#### Task statement:
Your task is to repeat the entries exactly from their first line through the line with "THEO PANTS IN KHAKI", and to stop there.

[Collection entries]
* * * * * * * * *
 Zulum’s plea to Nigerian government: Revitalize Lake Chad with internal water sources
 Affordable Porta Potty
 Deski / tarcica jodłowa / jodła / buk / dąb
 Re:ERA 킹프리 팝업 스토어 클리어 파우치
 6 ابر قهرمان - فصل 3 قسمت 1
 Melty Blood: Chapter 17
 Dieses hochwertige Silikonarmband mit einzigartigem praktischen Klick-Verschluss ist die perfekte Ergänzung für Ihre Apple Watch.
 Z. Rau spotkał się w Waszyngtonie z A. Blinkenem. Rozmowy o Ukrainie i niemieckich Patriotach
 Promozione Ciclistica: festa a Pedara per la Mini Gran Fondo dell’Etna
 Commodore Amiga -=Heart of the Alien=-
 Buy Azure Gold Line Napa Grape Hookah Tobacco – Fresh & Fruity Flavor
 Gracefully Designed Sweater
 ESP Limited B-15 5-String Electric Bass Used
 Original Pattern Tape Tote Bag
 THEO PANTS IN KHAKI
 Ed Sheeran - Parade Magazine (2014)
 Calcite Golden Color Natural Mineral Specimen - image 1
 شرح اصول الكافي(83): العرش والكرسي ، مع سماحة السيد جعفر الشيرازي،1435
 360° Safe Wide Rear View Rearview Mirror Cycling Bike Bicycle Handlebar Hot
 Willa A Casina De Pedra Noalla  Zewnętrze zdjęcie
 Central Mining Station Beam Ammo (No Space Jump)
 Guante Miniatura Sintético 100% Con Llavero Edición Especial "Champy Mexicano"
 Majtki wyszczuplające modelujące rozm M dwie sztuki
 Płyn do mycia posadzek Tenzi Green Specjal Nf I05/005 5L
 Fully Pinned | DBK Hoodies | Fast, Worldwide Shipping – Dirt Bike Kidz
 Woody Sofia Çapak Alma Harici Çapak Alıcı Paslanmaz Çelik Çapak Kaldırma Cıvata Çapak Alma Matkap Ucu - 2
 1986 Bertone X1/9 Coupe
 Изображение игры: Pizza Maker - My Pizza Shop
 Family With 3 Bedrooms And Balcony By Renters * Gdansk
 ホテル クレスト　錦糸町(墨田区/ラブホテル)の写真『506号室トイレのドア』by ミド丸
* * * * * * * * *
#### Solution for this problem:
 Zulum’s plea to Nigerian government: Revitalize Lake Chad with internal water sources
 Affordable Porta Potty
 Deski / tarcica jodłowa / jodła / buk / dąb
 Re:ERA 킹프리 팝업 스토어 클리어 파우치
 6 ابر قهرمان - فصل 3 قسمت 1
 Melty Blood: Chapter 17
 Dieses hochwertige Silikonarmband mit einzigartigem praktischen Klick-Verschluss ist die perfekte Ergänzung für Ihre Apple Watch.
 Z. Rau spotkał się w Waszyngtonie z A. Blinkenem. Rozmowy o Ukrainie i niemieckich Patriotach
 Promozione Ciclistica: festa a Pedara per la Mini Gran Fondo dell’Etna
 Commodore Amiga -=Heart of the Alien=-
 Buy Azure Gold Line Napa Grape Hookah Tobacco – Fresh & Fruity Flavor
 Gracefully Designed Sweater
 ESP Limited B-15 5-String Electric Bass Used
 Original Pattern Tape Tote Bag
 THEO PANTS IN KHAKI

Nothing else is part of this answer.